六
第六話、よろしくお願いします。
私達が、ユキヒトの刀を回収して一週間が過ぎた。
しかしその後は、何も情報が入る事は無く、彼の捜索は停滞を見せた……。
そんな時、不意にラケニスからの呼び出しが来た。
彼女は、ユキヒトの情報でも入手したのだろうか?。
「ロゼ様、扉を開けましたよ。どうぞ……」
「ありがとう、行ってくるね」
私は、救護施設のイリスを訪ねラケニスの塔へと入った。
「ラケニス……、私に用事って何かしら?」
「うむ、まぁロゼよ、そこへ座ってから話を聞け」
珍しい事に、彼女は私の名前を呼んできた。

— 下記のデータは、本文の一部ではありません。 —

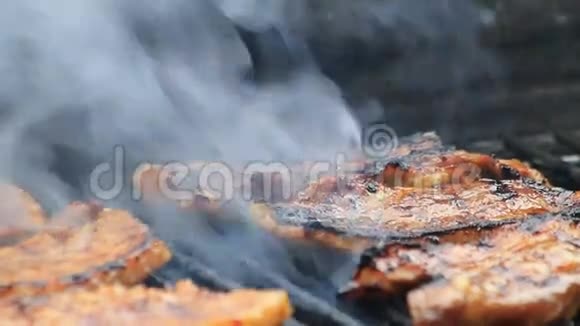 烧烤烧烤猪肉和鳃火鸡视频的预览图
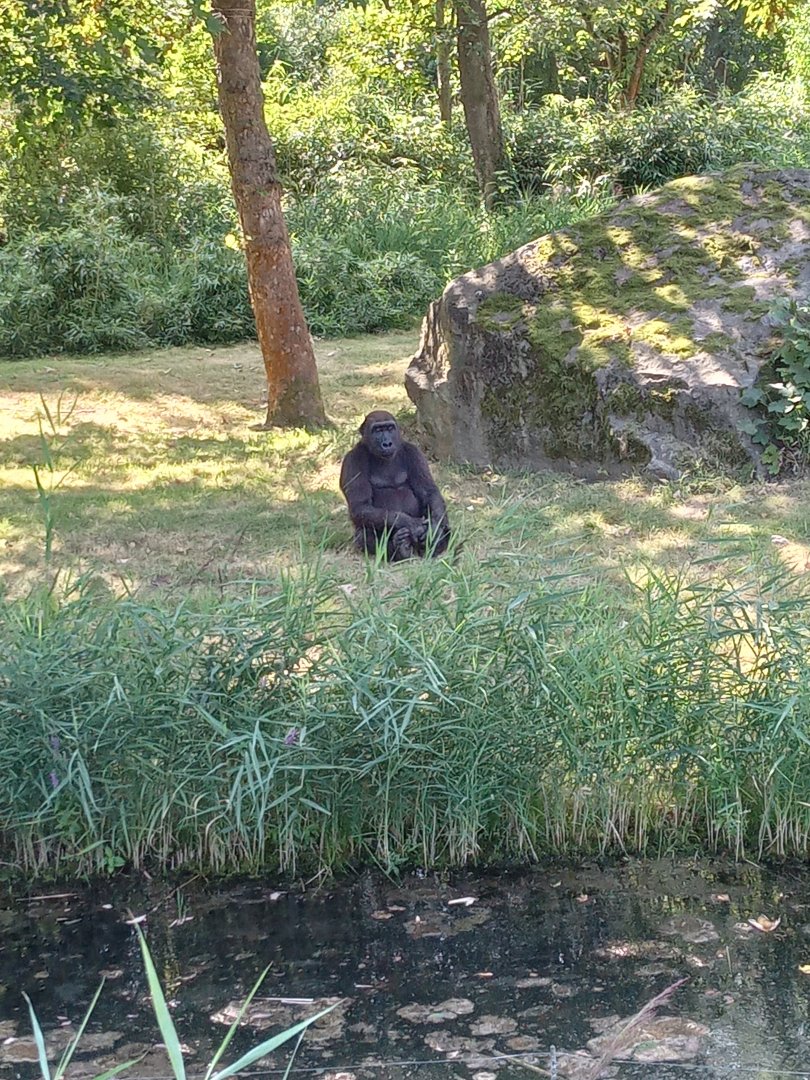Western Lowland Gorillla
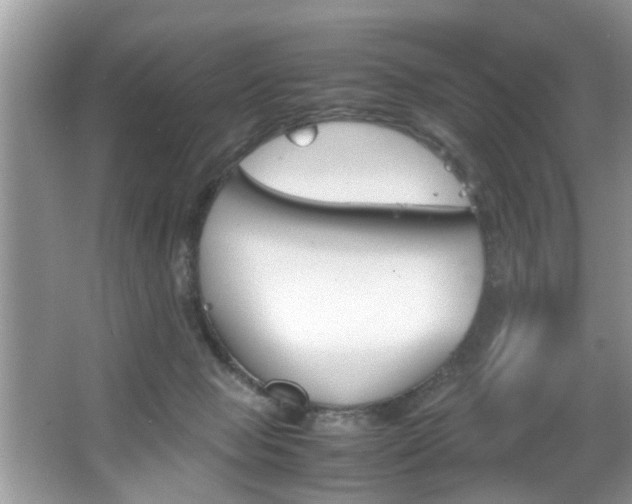 X0000067910077200604131119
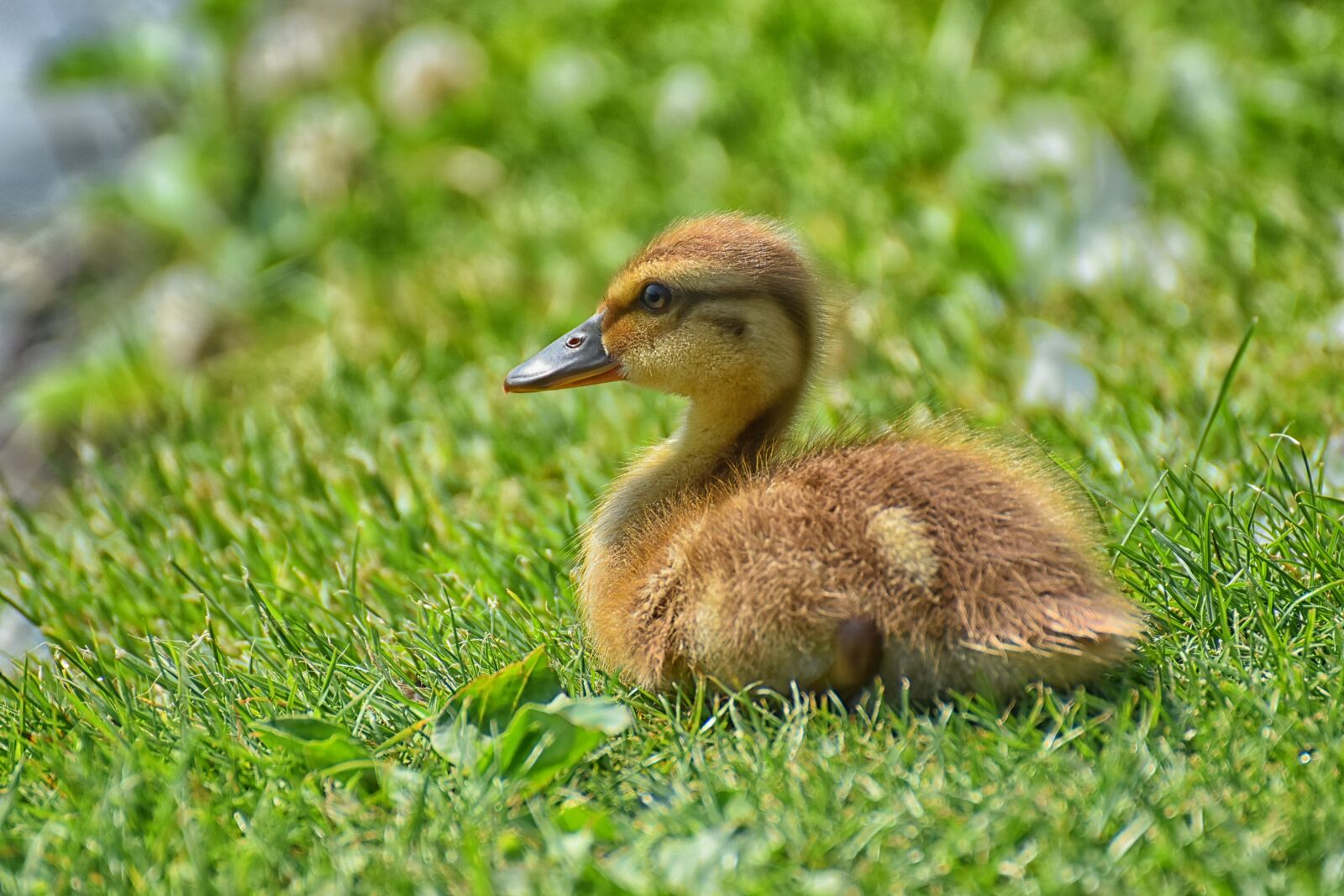 Nikon D7200 sample photo. Chicks, ducklings, mallard photography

何時もは、小娘から始まる彼女の話だが、どうにもこそばゆい気がして仕方ない、一体何を私に話すつもりなのか?。大きな椅子に肩肘着いて、偉そうな態度で笑っている、何時もの彼女の雰囲気とはどこか少し違う。
「単刀直入に言うぞ、ユキヒトはこの世界には居らぬ!」
「えっ!、貴女は彼が死んでいると言うの?」
「そうでは無い、そうは言っておらぬ」
この世界には、彼は居ない。
だが、死亡が確定した訳では無い……。
「わしは、小僧が国外へと飛んで居るのではないか?、と、世界中に使い魔を派遣してみた。お主を呼ぶまでに時間が掛かったのは、全ての使い魔が戻るのを待った為じゃ。結果は今言った通りじゃ、小僧はこの世界には存在せぬ……」
「………それって、七夜城と共に次元の闇にって意味?」
「お主達の話と、使い魔が何も得られなかった事を考えたら……」
私達が彼を捜索しても、タカが知れている。
まだ捜していない場所に、彼が生きて居ると信じたかった……。
彼女が言わんとした事は、ユキヒトを捜す為に、使い魔まで飛ばして隅々まで調べたが、どこにも痕跡が無い。ユキヒトが皇帝を倒した後、あの脱出劇の最中に彼だけが転移できず、七夜城と一緒に次元の彼方へと落ちてしまった。
もし彼の遺体と対面したら、私は泣き崩れてしまうだろう。
けど……、次元の彼方へ消えたのなら彼の遺体とさえ、対面出来ない。
私はラケニスの話を聞いた後、目から涙すら浮かべる事もでぎず、只座っていた。私の頭は真っ白になり、虚脱感だけが、私の心と体に圧し掛かっている。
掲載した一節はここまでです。